To give you a sense of the significance, those attorneys general—mostly Republicans, from West Virginia, Alabama, Alaska, Arizona, Florida, Idaho, Kansas, Louisiana, Michigan, Missouri, Montana, Nebraska, New Mexico, North Dakota, Oklahoma, South Carolina, South Dakota, Texas, Utah, Wyoming, and Kentucky—represent more than 40 percent of state attorneys general in the whole country. (Also worth noting – most of them are nowhere near any of the states that passed the gun laws.)

The leader of the group is Alabama’s Republican Attorney General Luther Strange. The 61-year-old has been beating the drum against assault weapons bans for months, and filed similar amicus briefs against new gun laws in New​ York and Con​necticut this past spring. Between authoring these two briefs and co-signing the third, Strange is clearly emerging as one of the country’s most prominent opponents of gun control—a distinction that earned him an ​”A+” rating from the NRA during his tight reelection race this year.

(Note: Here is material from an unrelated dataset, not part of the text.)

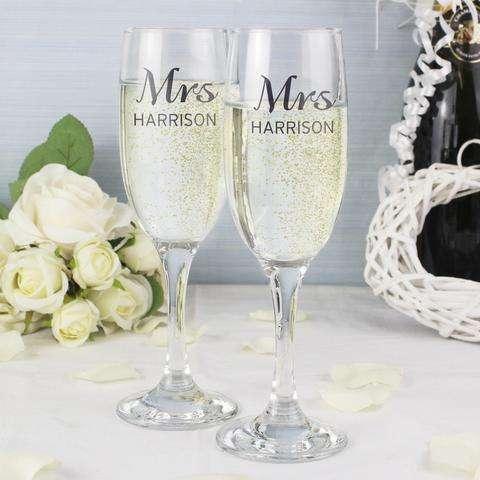 Personalised Classic Champagne Flute Set - Myhappymoments.co.uk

The brief states that because the state​s that passed bans failed to show that getting rid of semi-automatic weapons would increase public safety, their policies are unconstitutional. Additionally, it brings up the points that the AR-15 is of the most popular rife in the United States, and that the Supreme Court noted in Staples v. United States that these guns don’t categorically have a “quasi-suspect character” like machine guns, sawed-up shotguns, or artillery pieces.

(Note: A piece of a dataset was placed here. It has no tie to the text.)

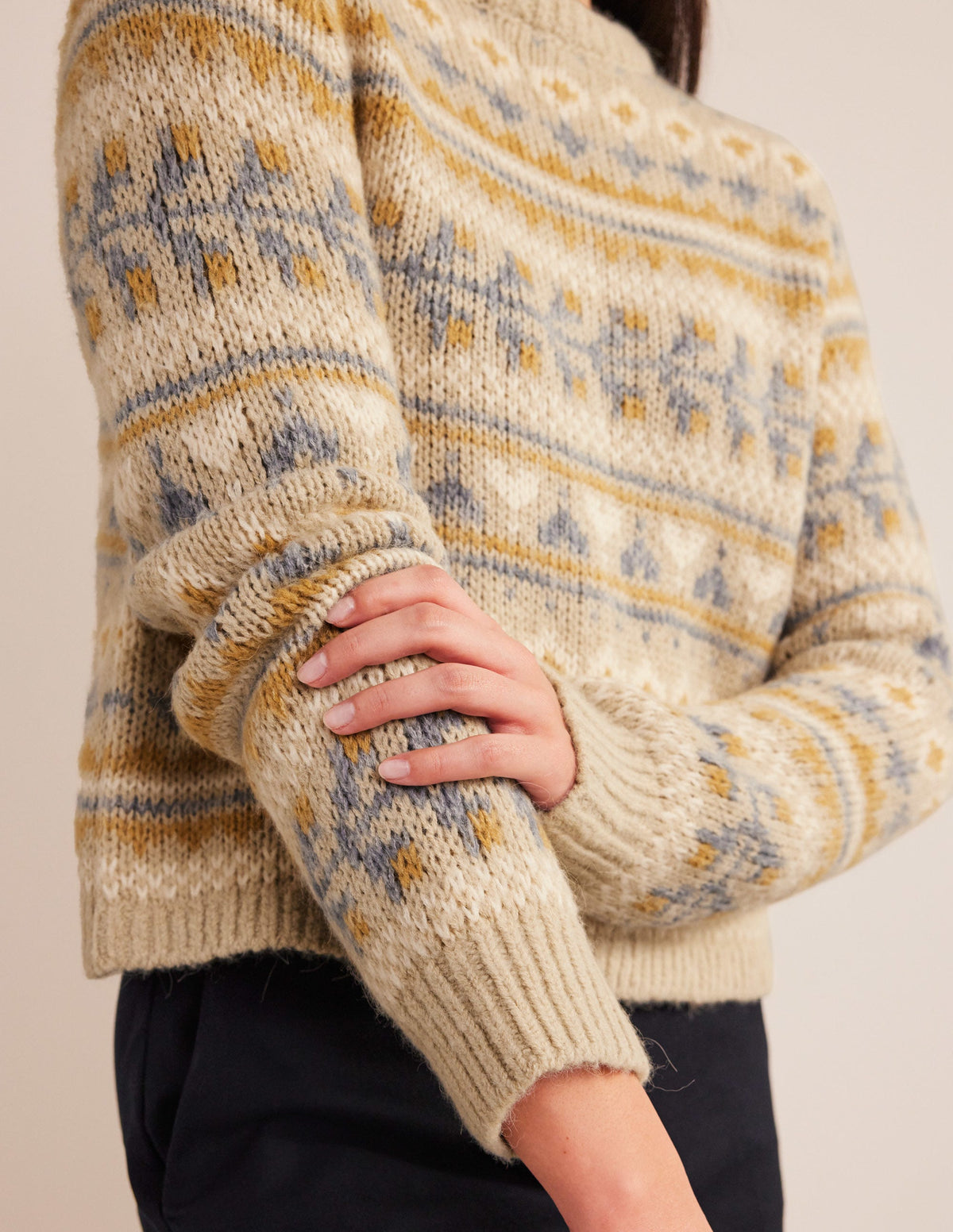 Fluffy Fair Isle Sweater-Oatmeal Melange Fairisle - Image 2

The two briefs that were filed in New York and Connecticut and written by Strange also mention the precedent set in Staples. Although they’re different in the sense that they’re not copied and pasted, the briefs all basically say the same thing and repeat NRA platitudes, like the idea that taking guns away from good guys gives the bad guys an advantage.

Oral arguments for both the New York and Connecticut cases will be heard on December 9, and the ones for Maryland haven’t been set yet. If the two courts decide differently, it’s very possible that Strange could force the Supreme Court to settle the score.